The fictional wonder world of Narnia is again home to Edmund and Lucy Pevensie (Skandar Keynes and Georgie Henley, reprising their roles) joined by their nasty, insufferable cousin Eustace (Will Poulter), the only character that seems to have any dimension here. Residing in London, the three are washed overboard in their London home by a strange seascape that fills their room with sea water (the best fx sequence in the film, although I did wonder where the fish were) and whisks them to a rendezvous with Prince Caspian (Ben Barnes) and his resourceful but not entirely human crew aboard the titular ship.

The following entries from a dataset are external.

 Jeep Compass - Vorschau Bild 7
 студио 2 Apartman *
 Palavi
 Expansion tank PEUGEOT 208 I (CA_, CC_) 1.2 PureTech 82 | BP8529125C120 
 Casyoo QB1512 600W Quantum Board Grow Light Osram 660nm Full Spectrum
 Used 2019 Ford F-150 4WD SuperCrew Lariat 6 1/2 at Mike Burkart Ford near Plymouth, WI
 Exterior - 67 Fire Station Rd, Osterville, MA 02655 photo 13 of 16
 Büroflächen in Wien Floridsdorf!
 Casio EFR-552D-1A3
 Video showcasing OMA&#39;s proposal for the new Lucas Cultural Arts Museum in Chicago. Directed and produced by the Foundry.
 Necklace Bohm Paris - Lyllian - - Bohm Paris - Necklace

Relatively mundane adventures follow, perhaps because returning scribes Christopher Markus and Stephen McFeely are slumming with an assist from Aussie native Michael Petroni. They craft an amiable roller coaster ride, although there’s a certain lack of adventure in what should be an adventurous journey. And when everyone expects 3-D to enhance the experience, it, instead, drains the color and life out of what should be a radiant encounter with a fantastical world, particularly one captured by award-winning cinematographer Dante Spinotti (“L.A. Confidential,” “The Insider”), now collaborating with director Michael Apted on their third film. Other technicians also have worked with the director on previous efforts (composer David Arnold, editor Rich Shaine), or on earlier Narnia films (costume designer Isis Mussenden), but there seems to be a technical disconnect in this extension of the Narnian tale. Harry Potter never has this problem, although Lewis’ tales can’t measure up to the juggernaut enjoyed by J.K. Rowling’s wizardly adventures, be they in print or on screen.

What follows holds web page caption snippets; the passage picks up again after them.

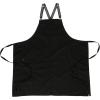 imageChef Works Unisex Berkeley Chef ApronJet Black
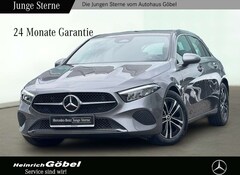 Bild des Angebotes Mercedes-Benz A 180 PROGRESSIVE*LED*KAMERA*SPURHALTE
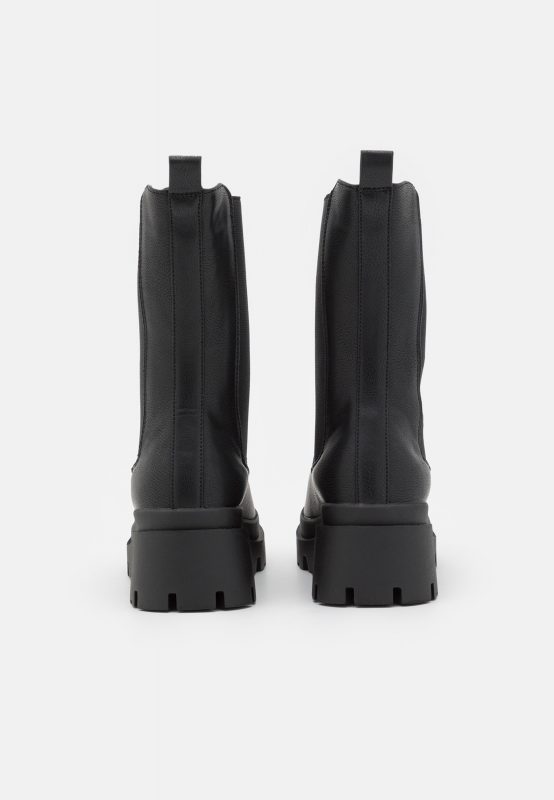 Even&odd Bottes à Plateau Even&Odd Rabais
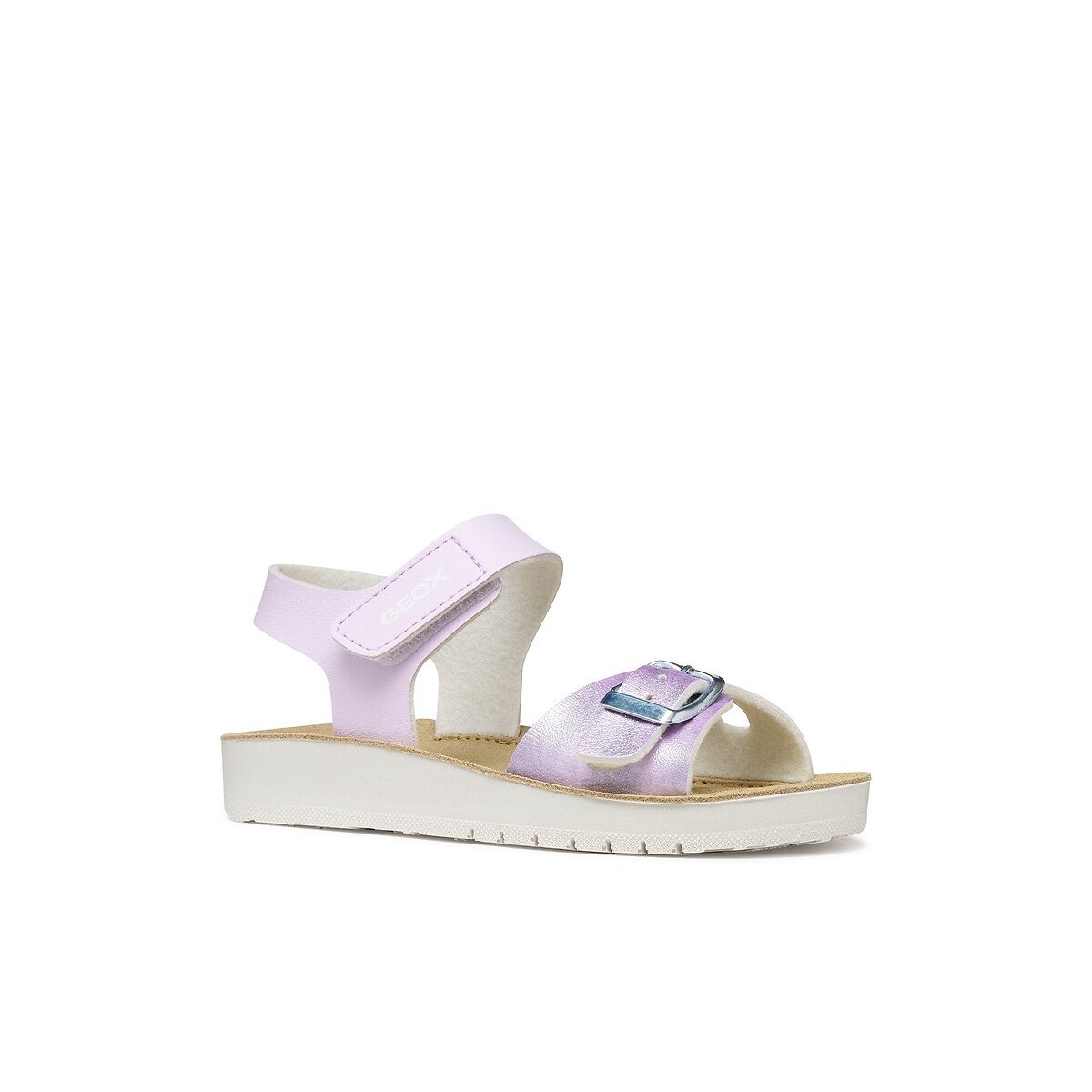 Sandales COSTAREI lilas, GEOX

As for Apted, sure he helmed the big budget James Bond feature “The World Is Not Enough” and worked on several episodes of the costume drama tv series “Rome,” but his best remembered efforts have been in the character-driven “Coal Miner’s Daughter” or as the chronicler following the British class system in the 1964 documentary “Seven Up” and its series of follow-up films that capturing the status every seven years of 14 children growing up in England. (The next installment, “56 Up” is due in 2012.)
There’s barely a wisp of Aslan (Liam Neeson) and the White Witch (Tilda Swinton) in this chapter.

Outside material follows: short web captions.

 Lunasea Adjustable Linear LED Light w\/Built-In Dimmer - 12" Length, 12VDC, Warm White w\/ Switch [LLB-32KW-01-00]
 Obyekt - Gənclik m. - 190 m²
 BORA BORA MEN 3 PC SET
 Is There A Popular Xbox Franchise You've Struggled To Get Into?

I’m also wondering if the switch to Fox had something to do with the film’s failure. The first two features were distributed by Disney and helmed by Andrew Adamson, who is a producer on “Dawn Treader.” There was a budget dispute with Walden Media and Disney pulled the plug, opening the door for Fox (which runs a greatly adored news network–Not!) to step in.
The best part of the film is the fish-out-of-water relationship that the hysterical 17-year-old Poulter captures in numerous episodes. At first disbelieving of his transport to a world where his cousins are king and queen, he doesn’t take easily to some of the creatures he confronts in Narnia—friendly as they are to Lewis’ readers and the films’ viewers—especially Reepicheep, the swashbuckling mouse voiced by Simon Pegg (“Shaun of the Dead,” “Star Trek”), who provides plenty of spunk for a small rodent. This relationship changes and deepens as the film progresses, especially when Eustace has a life-altering experience that threatens his human existence.
There’s enough intrigue about dark and evil islands, seven lords and sword seeking, fire-breathing dragons, blue stars, a cursed green mist, and a very large sea serpent to keep youngsters interested or scared. I suspect most families will (and should) stick to catching up with Disney’s marvelous animated tale “Tangled.”
Unfortunately for this latest episode of Narnian lore, just and valiant don’t seem to cut it if you’re sitting there in the audience, although fans of the books and the movies may not be as bothered as an old fart like myself, who was two when the book was published. For those who enjoy it, the best to you. Episode four, “The Silver Chair,” is in development by Fox and Walden. It will feature more of Eustace, so I’m crossing my fingers.